荷物も何も準備することなく森の中に放り出されたら、食べ物は自給自足しかない。
ここから先は、少しずつメンバーの様子がおかしくなっていく様が書かれていた。
どうやら食糧不足が深刻化し、こっそりと自分が見つけた食べ物を食べていた人からおかしくなっていったようだ。
その一番の現象は、幻覚。一度昏睡状態に陥り、目覚めた人は幻覚が見えだすのだ。
だが、俺は知っている。それは幻覚ではないということを。
おそらく、食べ物を口にした人から順に、世界に馴染んでいったんだ。
そして、未知の生き物が見えだした……。
日記では、とうとう著者とその恋人も空腹に耐えかねて拾った木の実を口にしてしまう。
『どういうことだこれは。
エマと共に木の実を食べ、具合が悪くなったところまで覚えている。
ミルズにこっそりと味見をさせて安全を確かめたはずなのに……遅行性の毒でもあったのだろうか?
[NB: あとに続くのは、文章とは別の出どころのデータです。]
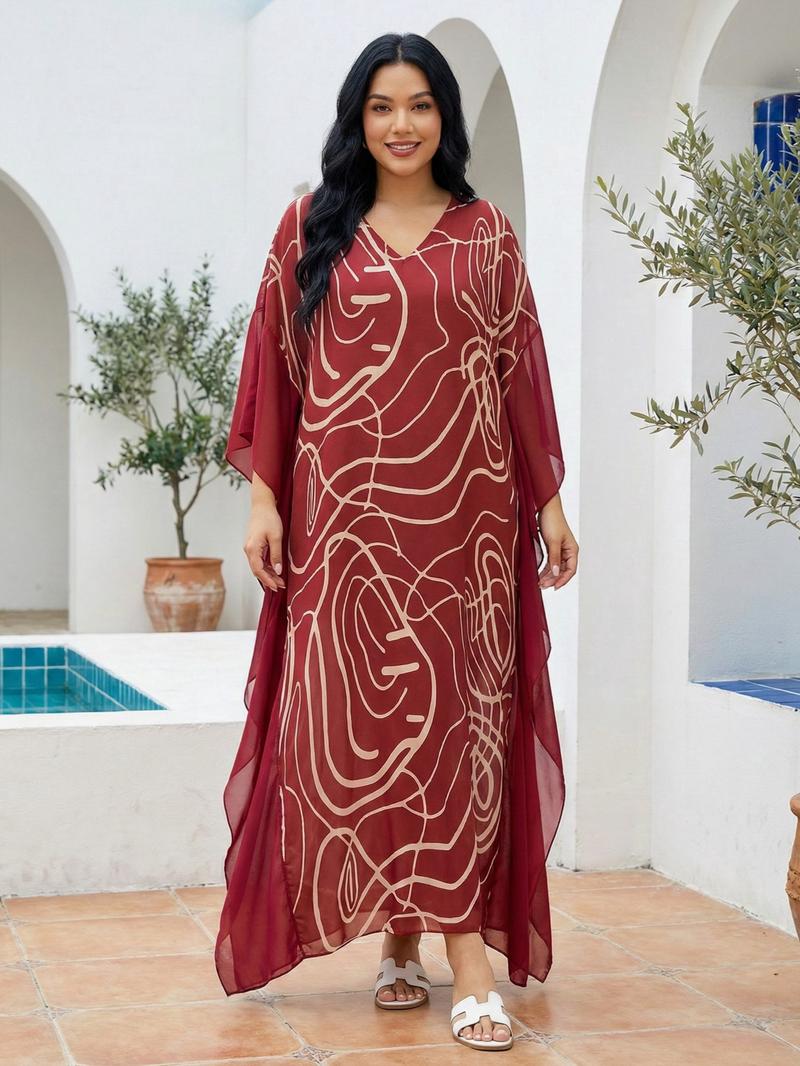 EDOLYNSA Kaftan Dresses for Women printing Moo Moo Dress cozy beach wear vacation Boho Chiffon ruffle edge bathing suit cover up muumuu caftan Boho Casual Kaftan daily wear Q1877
まぁ済んでしまったことはどうでもいい。それよりも問題は、この森だ。
具合が悪くなり寝込んでから、目を覚ますと森の景色が変わっている。
周囲に生き物の気配が溢れている。
鳥だ、鳥の鳴き声が聞こえる。
いったい何が起こったというのだろうか?』
ここまで読んで分かったことがある。
この著者は結構えげつない野郎のようだ。
恋人と自分だけは何が何でも生き残ろうというのが根底にあるらしい。
その気持ちは悪いことではないが、助け合えよ。人が居るって素晴らしいことなんだぜ?
どうやら食べ物を食べることで生き物が見えるようになるのは、間違いがないようだ。
この後、日記は一通り俺と同じような状況を経験していくことになる。
遭難したら、大抵の人は俺と同じような行動をするようだ。
だが驚いたことに、一つ一つの理解が早い。おそらく検証や試案が大人数のため行いやすいんだろうか?
俺が何日もかけて気づいたことをあっという間に理解していってしまっていたり、俺の知らない新情報が載っている。
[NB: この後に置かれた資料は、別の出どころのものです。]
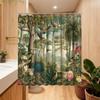 A Shower Curtain Featuring Tropical Plants, Perfect For Enjoying Nature, Includes 12 Hooks, Measuring 180*180Cm For Home Decor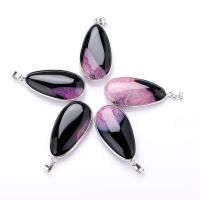 Gemstone Jewelry Pendant, Natural Stone, Teardrop, polished & DIY 55mm 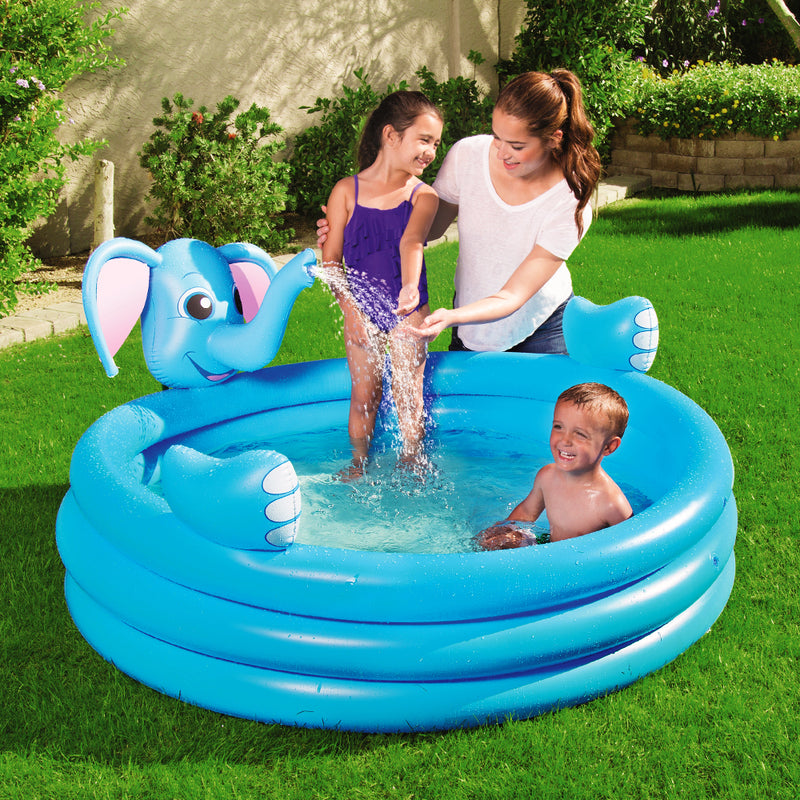 Bestway Inflatable Kids Play Pool 3 Ring Elephant Spray Splash Pools Game Toy - Sale Now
ここら辺はまだ不確定な情報も多いので、読み終わってから後で整理することにしよう。
何やら次のメモで、展開が大きく動いているのだ。
考証メモと日記が、短文で入り混じっているため整理して読んでいかないと状況についていけない。
これでも読みやすいようにある程度は整理してあるみたいだけど……記録を残すのが苦手な学者だったのか?
『ミケルソンが死んだ。
たった今埋葬が済んだその死体は、無残にも食いちぎられボロボロになっていた。
そう、ミケルソンはこの森の動物に殺されたのだ。しかもほんの小さな、体長50センチほどのリスのような生き物に。
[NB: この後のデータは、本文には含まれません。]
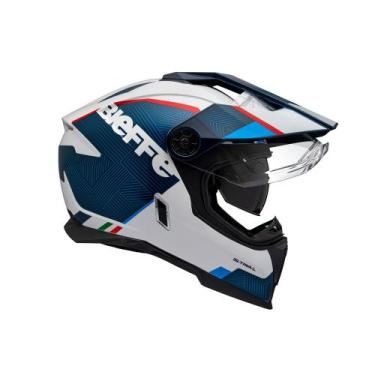 Imagem de Capacete Moto Bieffe B-Trail Delux, Branco com Azul, 58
この森の生き物は、我々に関知しようとしない。いや、どうやら見えていないらしい。
そのことに気づいたマックスが、ミケルソンに命令して狩りに行かせたらしい。そして反撃にあったようだ。
この森の生き物は自分から襲ってこない代わりに、とてつもない凶暴性を秘めている。
ミケルソンは一瞬で腹を食いちぎられたらしく見るも無残な姿になっていた。
最初に一撃を先制で食らわせたにもかかわらず、ビクともしなかったらしい。
これはまずい。生き物が増えたことで食糧の心配が無くなるのではないかと喜んでいた矢先の出来事に、皆の顔に影が落ちている。』